**AIM OF THE EXERCISE**
Output exactly the lines that run from the top of the entries to the line holding "Grey Brown Fitflop", including both of those lines.

● ● ● ● ●

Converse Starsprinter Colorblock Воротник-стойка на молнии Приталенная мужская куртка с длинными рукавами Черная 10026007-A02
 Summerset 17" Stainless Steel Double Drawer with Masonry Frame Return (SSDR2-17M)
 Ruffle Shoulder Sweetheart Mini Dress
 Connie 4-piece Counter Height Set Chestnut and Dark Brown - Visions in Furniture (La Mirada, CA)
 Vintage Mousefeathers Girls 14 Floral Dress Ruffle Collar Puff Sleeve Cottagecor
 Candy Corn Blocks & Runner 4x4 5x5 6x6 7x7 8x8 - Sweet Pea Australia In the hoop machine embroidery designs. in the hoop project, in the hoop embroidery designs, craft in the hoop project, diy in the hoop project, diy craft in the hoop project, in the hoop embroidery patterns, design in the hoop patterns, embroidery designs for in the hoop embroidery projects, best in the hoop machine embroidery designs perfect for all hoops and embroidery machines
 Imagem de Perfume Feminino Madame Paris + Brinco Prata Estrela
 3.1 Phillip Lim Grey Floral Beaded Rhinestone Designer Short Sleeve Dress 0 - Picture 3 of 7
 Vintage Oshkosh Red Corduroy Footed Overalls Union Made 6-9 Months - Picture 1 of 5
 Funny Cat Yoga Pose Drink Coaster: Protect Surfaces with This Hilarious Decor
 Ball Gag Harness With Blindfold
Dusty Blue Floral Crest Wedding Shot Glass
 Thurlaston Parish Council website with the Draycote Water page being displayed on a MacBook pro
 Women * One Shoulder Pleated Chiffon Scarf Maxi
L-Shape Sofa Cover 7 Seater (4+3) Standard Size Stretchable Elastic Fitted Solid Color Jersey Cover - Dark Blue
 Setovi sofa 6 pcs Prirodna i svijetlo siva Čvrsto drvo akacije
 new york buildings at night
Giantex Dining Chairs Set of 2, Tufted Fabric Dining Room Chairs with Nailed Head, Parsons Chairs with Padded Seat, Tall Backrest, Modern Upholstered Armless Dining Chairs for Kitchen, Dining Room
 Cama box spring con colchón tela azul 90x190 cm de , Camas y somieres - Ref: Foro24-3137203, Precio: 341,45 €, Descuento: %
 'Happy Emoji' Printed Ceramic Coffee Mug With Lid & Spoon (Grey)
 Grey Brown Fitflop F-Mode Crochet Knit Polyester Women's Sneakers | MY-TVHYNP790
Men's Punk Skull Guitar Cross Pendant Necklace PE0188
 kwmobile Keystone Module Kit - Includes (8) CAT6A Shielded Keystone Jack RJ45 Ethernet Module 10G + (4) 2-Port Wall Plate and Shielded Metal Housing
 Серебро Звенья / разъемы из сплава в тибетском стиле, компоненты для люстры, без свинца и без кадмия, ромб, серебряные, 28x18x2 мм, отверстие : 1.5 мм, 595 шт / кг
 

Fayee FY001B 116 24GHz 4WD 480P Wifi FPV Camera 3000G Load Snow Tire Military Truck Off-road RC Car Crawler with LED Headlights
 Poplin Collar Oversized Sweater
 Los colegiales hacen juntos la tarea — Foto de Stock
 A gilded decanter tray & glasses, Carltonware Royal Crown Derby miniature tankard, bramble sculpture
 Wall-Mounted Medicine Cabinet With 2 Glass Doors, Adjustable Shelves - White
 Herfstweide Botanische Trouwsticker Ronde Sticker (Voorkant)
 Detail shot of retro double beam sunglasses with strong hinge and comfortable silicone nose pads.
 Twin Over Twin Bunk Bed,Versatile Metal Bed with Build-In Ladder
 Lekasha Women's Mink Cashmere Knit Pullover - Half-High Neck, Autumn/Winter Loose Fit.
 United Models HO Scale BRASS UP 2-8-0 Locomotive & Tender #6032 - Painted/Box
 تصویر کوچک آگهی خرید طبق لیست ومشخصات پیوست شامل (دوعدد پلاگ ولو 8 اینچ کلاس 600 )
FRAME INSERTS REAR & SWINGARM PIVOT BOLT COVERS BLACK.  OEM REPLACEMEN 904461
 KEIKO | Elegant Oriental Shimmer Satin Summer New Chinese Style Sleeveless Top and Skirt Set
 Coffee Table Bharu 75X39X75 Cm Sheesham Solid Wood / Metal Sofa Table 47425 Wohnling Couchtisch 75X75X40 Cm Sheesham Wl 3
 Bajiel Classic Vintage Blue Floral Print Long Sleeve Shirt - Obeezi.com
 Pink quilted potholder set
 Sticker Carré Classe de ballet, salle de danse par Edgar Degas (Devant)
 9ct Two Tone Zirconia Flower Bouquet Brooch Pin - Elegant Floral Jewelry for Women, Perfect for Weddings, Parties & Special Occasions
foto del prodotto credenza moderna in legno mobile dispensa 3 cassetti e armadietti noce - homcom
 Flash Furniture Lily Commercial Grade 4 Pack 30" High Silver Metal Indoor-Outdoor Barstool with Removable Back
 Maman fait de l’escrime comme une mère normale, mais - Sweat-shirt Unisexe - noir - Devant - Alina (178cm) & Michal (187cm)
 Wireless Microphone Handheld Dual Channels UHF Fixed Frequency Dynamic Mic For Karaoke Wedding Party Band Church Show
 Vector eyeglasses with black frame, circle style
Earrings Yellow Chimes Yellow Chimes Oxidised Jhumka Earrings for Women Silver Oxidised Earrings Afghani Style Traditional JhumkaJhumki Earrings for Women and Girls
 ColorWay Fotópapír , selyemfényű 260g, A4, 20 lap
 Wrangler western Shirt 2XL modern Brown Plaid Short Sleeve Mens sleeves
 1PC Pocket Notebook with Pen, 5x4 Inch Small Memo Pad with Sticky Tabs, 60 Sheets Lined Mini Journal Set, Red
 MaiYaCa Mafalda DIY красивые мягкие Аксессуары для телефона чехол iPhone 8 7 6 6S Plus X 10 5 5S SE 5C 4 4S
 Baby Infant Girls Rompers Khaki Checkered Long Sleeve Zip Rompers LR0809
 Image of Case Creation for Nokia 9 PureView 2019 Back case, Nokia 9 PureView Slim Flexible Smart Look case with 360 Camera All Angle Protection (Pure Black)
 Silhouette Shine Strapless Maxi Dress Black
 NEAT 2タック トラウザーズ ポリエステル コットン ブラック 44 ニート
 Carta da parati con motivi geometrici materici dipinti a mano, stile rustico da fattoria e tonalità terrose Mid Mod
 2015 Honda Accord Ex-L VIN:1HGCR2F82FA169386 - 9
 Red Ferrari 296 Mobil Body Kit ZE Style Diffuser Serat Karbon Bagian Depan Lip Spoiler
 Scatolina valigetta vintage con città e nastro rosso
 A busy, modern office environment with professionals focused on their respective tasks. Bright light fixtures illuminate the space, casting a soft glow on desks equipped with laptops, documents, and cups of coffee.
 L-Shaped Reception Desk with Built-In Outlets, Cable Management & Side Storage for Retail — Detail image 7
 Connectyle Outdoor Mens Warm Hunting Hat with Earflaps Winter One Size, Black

● ● ● ● ●

**OUTPUT OF THE EXERCISE**
Converse Starsprinter Colorblock Воротник-стойка на молнии Приталенная мужская куртка с длинными рукавами Черная 10026007-A02
 Summerset 17" Stainless Steel Double Drawer with Masonry Frame Return (SSDR2-17M)
 Ruffle Shoulder Sweetheart Mini Dress
 Connie 4-piece Counter Height Set Chestnut and Dark Brown - Visions in Furniture (La Mirada, CA)
 Vintage Mousefeathers Girls 14 Floral Dress Ruffle Collar Puff Sleeve Cottagecor
 Candy Corn Blocks & Runner 4x4 5x5 6x6 7x7 8x8 - Sweet Pea Australia In the hoop machine embroidery designs. in the hoop project, in the hoop embroidery designs, craft in the hoop project, diy in the hoop project, diy craft in the hoop project, in the hoop embroidery patterns, design in the hoop patterns, embroidery designs for in the hoop embroidery projects, best in the hoop machine embroidery designs perfect for all hoops and embroidery machines
 Imagem de Perfume Feminino Madame Paris + Brinco Prata Estrela
 3.1 Phillip Lim Grey Floral Beaded Rhinestone Designer Short Sleeve Dress 0 - Picture 3 of 7
 Vintage Oshkosh Red Corduroy Footed Overalls Union Made 6-9 Months - Picture 1 of 5
 Funny Cat Yoga Pose Drink Coaster: Protect Surfaces with This Hilarious Decor
 Ball Gag Harness With Blindfold
Dusty Blue Floral Crest Wedding Shot Glass
 Thurlaston Parish Council website with the Draycote Water page being displayed on a MacBook pro
 Women * One Shoulder Pleated Chiffon Scarf Maxi
L-Shape Sofa Cover 7 Seater (4+3) Standard Size Stretchable Elastic Fitted Solid Color Jersey Cover - Dark Blue
 Setovi sofa 6 pcs Prirodna i svijetlo siva Čvrsto drvo akacije
 new york buildings at night
Giantex Dining Chairs Set of 2, Tufted Fabric Dining Room Chairs with Nailed Head, Parsons Chairs with Padded Seat, Tall Backrest, Modern Upholstered Armless Dining Chairs for Kitchen, Dining Room
 Cama box spring con colchón tela azul 90x190 cm de , Camas y somieres - Ref: Foro24-3137203, Precio: 341,45 €, Descuento: %
 'Happy Emoji' Printed Ceramic Coffee Mug With Lid & Spoon (Grey)
 Grey Brown Fitflop F-Mode Crochet Knit Polyester Women's Sneakers | MY-TVHYNP790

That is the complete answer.